Using PHP DOM want to show all string as a output


Here, is my html string in $data variable in php, and that string
have some text like
<140/90 mmHg OR <130/80 mmHg
this line not
showing when i run this code using PHP
DOMDocument
because when coming less-than & grater-than signs its problematic.


<?php
$data = 'THE CORRECT ANSWER IS C.
<p>Choice A Lorem Ipsum is simply dummy text of the printing and typesetting industry. Lorem Ipsum has been the industrys standard dummy text ever since the 1500s</p>
<p></p>
<p>Choice B Lorem Ipsum is simply dummy text of the printing and typesetting industry. Lorem Ipsum has been the industrys standard dummy text ever since the 1500s</p>
<p>Choice D Lorem Ipsum is simply dummy text of the printing and typesetting industry.

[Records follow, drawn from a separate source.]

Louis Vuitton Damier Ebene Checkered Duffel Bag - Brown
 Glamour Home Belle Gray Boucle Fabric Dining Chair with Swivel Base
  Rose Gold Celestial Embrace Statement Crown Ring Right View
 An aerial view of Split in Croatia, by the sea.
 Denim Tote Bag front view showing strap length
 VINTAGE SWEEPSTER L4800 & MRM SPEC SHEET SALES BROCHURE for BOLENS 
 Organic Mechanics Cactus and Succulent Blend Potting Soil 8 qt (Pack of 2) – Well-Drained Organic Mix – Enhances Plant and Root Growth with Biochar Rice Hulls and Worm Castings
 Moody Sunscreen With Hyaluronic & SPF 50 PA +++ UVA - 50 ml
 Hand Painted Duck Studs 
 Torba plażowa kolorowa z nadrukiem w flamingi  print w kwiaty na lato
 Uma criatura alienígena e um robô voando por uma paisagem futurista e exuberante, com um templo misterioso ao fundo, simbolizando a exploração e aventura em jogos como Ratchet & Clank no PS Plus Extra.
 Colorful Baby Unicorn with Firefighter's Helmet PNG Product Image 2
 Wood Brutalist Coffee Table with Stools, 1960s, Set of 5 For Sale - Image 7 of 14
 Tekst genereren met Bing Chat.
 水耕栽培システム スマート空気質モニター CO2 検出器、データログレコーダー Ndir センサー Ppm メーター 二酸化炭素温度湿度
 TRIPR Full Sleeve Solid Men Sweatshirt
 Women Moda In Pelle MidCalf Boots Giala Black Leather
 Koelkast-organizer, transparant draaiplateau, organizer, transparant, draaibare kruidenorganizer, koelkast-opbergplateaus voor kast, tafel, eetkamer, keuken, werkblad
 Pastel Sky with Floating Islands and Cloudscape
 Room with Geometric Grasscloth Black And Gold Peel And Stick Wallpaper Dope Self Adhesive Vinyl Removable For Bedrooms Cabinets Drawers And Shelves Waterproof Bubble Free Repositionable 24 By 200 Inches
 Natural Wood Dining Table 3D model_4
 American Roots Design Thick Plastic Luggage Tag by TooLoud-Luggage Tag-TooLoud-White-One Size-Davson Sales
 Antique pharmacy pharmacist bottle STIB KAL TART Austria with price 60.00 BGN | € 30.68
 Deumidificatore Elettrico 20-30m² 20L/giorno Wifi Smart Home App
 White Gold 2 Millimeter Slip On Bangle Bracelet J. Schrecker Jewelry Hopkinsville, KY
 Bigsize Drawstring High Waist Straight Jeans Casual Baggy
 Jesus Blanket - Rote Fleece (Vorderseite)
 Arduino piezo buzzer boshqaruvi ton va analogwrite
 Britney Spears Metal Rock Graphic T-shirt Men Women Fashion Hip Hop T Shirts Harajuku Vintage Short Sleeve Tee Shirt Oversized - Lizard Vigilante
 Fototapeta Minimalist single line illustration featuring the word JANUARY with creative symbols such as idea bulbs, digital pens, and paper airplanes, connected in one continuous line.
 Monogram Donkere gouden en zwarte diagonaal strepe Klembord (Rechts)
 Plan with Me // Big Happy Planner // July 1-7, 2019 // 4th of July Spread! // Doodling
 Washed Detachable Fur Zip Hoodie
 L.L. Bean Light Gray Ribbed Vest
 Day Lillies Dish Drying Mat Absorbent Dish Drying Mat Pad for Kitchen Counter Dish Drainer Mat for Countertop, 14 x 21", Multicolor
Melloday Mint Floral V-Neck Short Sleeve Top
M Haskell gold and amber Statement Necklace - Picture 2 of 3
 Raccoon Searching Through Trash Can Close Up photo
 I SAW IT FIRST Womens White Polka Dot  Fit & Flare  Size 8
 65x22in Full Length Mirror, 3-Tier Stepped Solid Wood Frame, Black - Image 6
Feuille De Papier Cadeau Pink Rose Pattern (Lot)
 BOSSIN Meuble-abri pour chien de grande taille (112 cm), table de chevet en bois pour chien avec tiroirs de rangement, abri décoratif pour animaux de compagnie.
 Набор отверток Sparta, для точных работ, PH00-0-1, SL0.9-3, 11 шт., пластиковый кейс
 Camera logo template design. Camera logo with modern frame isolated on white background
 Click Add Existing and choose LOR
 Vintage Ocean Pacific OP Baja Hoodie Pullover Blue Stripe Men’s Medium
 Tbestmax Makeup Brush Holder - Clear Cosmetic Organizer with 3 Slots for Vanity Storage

Lorem Ipsum has been the industrys standard dummy text ever since the 1500s</p>
<p></p>
<p>Choice E simply dummy text of the printing and typesetting industry.</p>
<p></p>
<p><br>THIS IS MY MAIN TITLE IN CAPS<br>This my sub title.</p>
<p><br>TEST ABC: Lorem Ipsum is simply dummy text of the printing and typesetting industry.</p>
<p>1) It is a long established fact <140/90 mmHg OR <130/80 mmHg making it look like readable English will uncover many web sites still in their infancy.
<br><br>2) There are many variations of passages of Lorem Ipsum available. </p>
<p><br>TEST XYZ: Lorem Ipsum has been the industrys standard dummy text ever since the 1500s, when an unknown printer took a galley of type and scrambled it to make a type specimen book.</p>
<p><br>TES T TEST: It has survived not only five centuries, but also the leap into electronic typesetting, remaining essentially unchanged.</p>
<p><br>TESTXXX: It was popularised in the 1960s with the release of Letraset sheets containing Lorem Ipsum passages, and more recently with desktop publishing software like Aldus PageMaker including versions of Lorem Ipsum.</p>';
echo boldFormatExplanation($data);
?>



Also, i have created below PHP function that will convert bold title
and bold some words using PHP
DOMDocument
.


  1. Title with bold: "THIS IS MY MAIN TITLE IN CAPS" (title not always same)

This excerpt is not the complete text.